Decorating with the rich and famous

Allan Grant/Time Life Pictures/Getty Images

You have to be as rich as Giorgio Armani to house a stuffed polar bear a good 10 feet tall in your living room and proudly display it in the March issue of Architectural Digest. A beautiful, white, once-alive polar bear behind the chocolate leather cube chair. Clearly this is not in the same league as Jeffrey Dahmer and his longed-for altar of human heads, but it is unusual these days. The bear is explained as a gift “from someone I am very fond of.” Seven pages on is a photo of his bedroom where, the caption notes, “a fur coverlet is draped over the designer’s Armani/Casa bed.”

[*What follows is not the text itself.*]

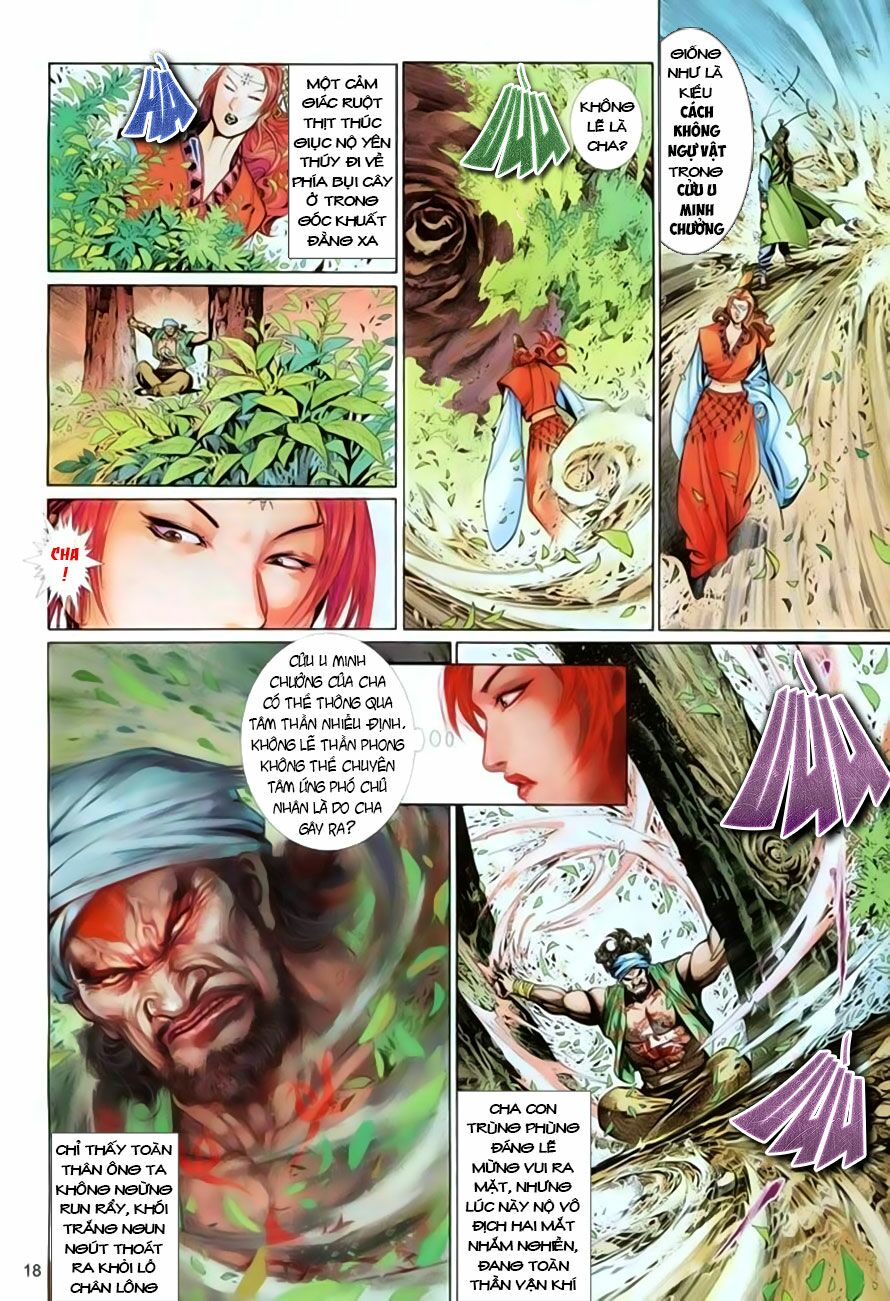 Phong Vân: Chapter 393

Look, I’m not going to howl animal rights just before I slip into my Manolos and eat my roast biff, but that “coverlet” appears to be made of lots of little skinned furry animals with their tails hanging as trim on the coverlet’s edges. Clearly Brigitte Bardot is not coming to visit Chalet Armani unless of course Armani’s animal interests extend to a private pool swimming with baby seals.

AD magazine has had a symbiotic relationship with movie stars and celebrities for more than seven decades, giving telling glimpses of changing cultural attitudes: a real leopard-skin rug complete with head in 1950s photo shoots compared with the leopard-print rug on Diane von Furstenberg’s 2012 feature. At-home photos are offered up with excruciating little quotes about the inner person behind the public facade. This is a perfectly acceptable fantasy, an extension of the star’s movie persona structured to fit the roles they act and the self-image they or yesteryear’s studio think will please their public best. I’m obviously a bitch of a reader because I find most of the images utterly cloying.

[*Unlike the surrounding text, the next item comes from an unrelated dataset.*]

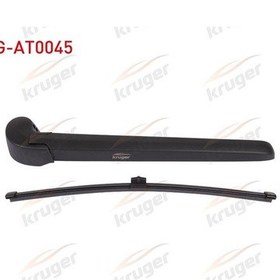 Resim Sılecek Setı Arka Kol+supurge 400mm Audı Q3 8u 2011- Kruger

Brooke Shields, cover girl of the March AD, speaking of hubby and kids, tells how she wants “to create for them, and us, an experience of home with a layered and resonant personal history.” Does anyone actually speak like that? I don’t hold Brooke’s rather odd public declaration of remaining a virgin until God knows when against her, but the photos of her Manhattan house show a place that has as many “layers” as a slice of white bread. The only believable part is Brooke’s closet with the rolling shoe rack (yes I am jealous, since you asked). And who displays photos of themselves all over the place? Brooke does. I give you Katharine Hepburn in Architectural Digest’s book Hollywood At Home, who explained the absence of Kate photos as “the creature I don’t bring home.”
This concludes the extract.